Concrètement, après l'accord arraché aux banques sur un renoncement à 50% de leurs créances, Athènes va entrer dans un long et délicat processus de discussion avec chacun de ses créanciers.
Ceux-ci devront accepter d'échanger volontairement les obligations qu'ils détiennent contre de nouvelles dont la valeur sera diminuée de moitié.
Le processus d'échange devrait démarrer "dans deux ou trois semaines" a indiqué Petros Christodoulou, le patron de l'agence de la dette publique grecque, la participation du secteur privé à l'opération de sauvetage devant être finalisée "début 2012".

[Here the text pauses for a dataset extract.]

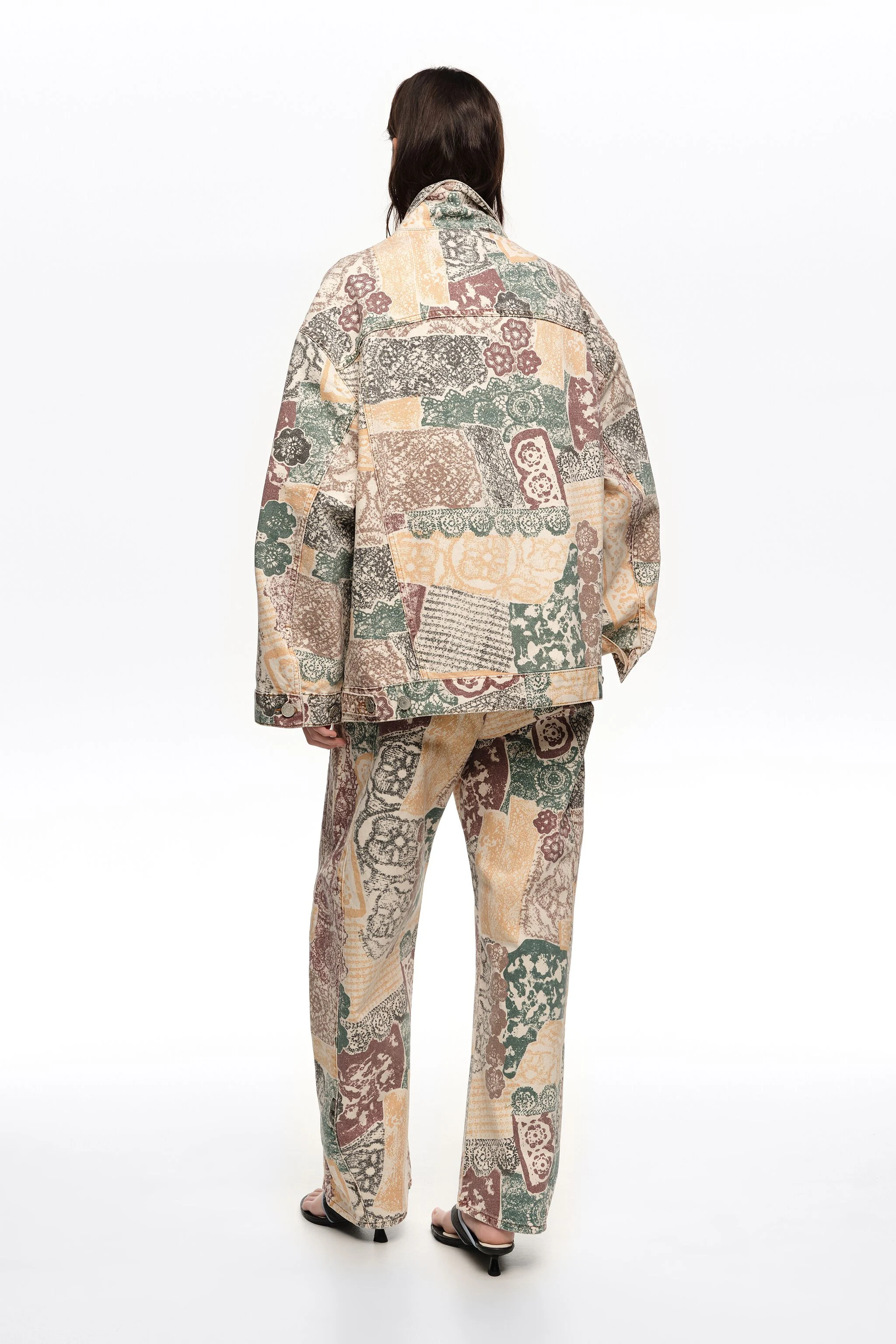 Jaqueta jeans oversized com detalhes em renda marfim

Au total, les banques devront renoncer à 100 milliards d'euros sur un total d'endettement public du pays de plus de 350 milliards actuellement.

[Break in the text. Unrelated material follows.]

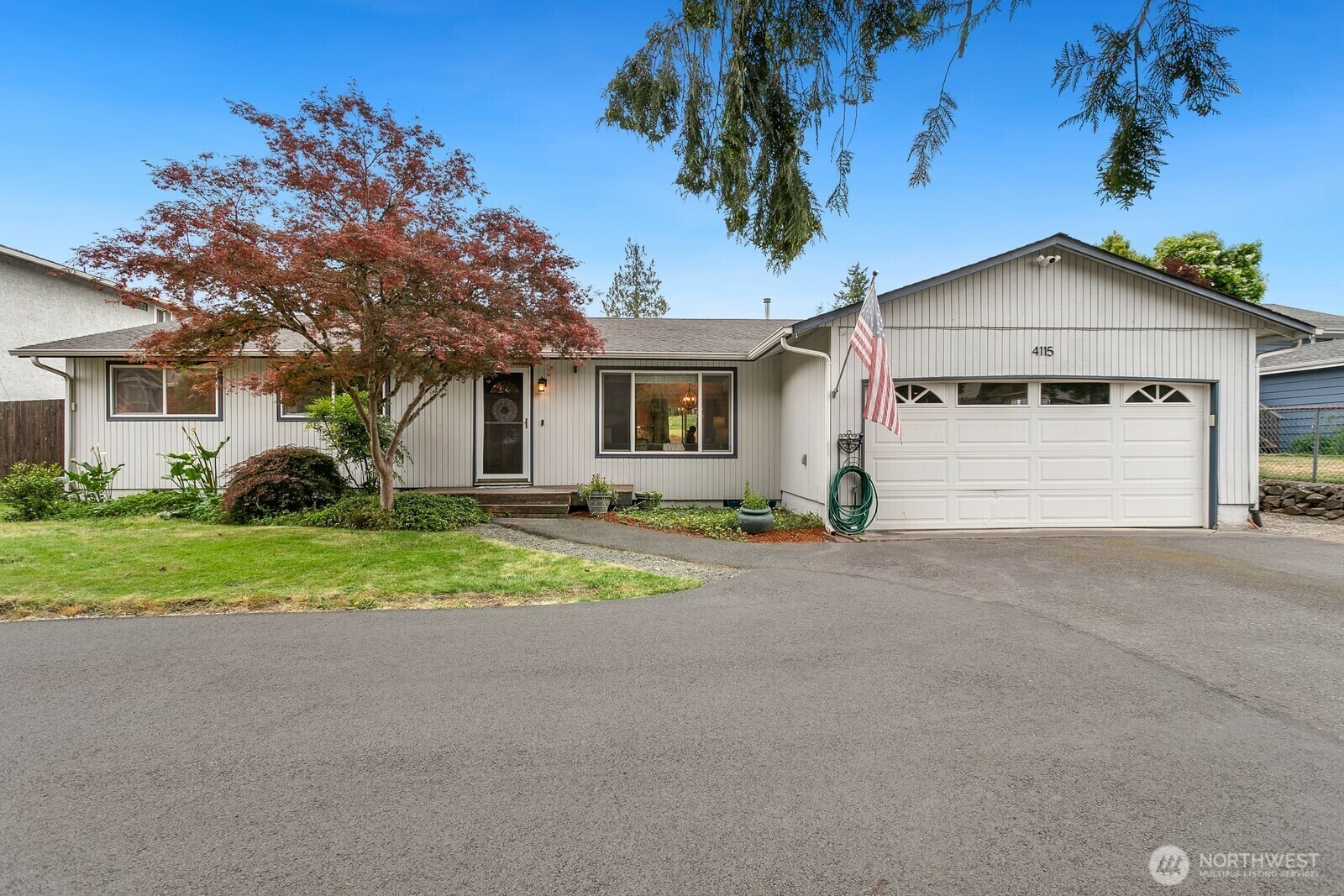 4115  NE 2nd Pl  Renton WA 98059 photo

L'objectif est de parvenir à un taux d'endettement de 120% du PIB en 2020" (contre 165% prévu fin 2011, NDLR), a indiqué le lobby bancaire mondial IIF, qui menait les négociations face aux gouvernements.
Soit beaucoup de nuits blanches pour parvenir à terme à un endettement qui sera encore le double du taux maximum fixé par le traité de Maastricht, et équivalent à celui de l'Italie actuellement.
"L'opération va ramener le taux d'endettement exactement au niveau où il était en 2009", a martelé le leader de l'opposition grec, Antonis Samaras (droite). "Le gouvernement qui nous a mis sur cette épave ne devrait pas parler de sauvetage" a-t-il lancé.
"S'il n'y avait pas eu cet accord, la dette en 2020 aurait atteint 173% du PIB, donc il s'agit d'un allégement impressionnant", a rétorqué le ministre des Finances.
L'objectif pour la Grèce, privée d'accès aux marchés internationaux pour 10 ans selon le FMI, est de pouvoir y retourner au plus vite pour ne plus dépendre de la perfusion financière de ses partenaires.
En échange, les banques hellènes, les plus exposées en Europe au risque souverain grec, vont probablement devoir passer par une étape de nationalisation, car trop fragiles pour supporter seules le coût de la perte induite.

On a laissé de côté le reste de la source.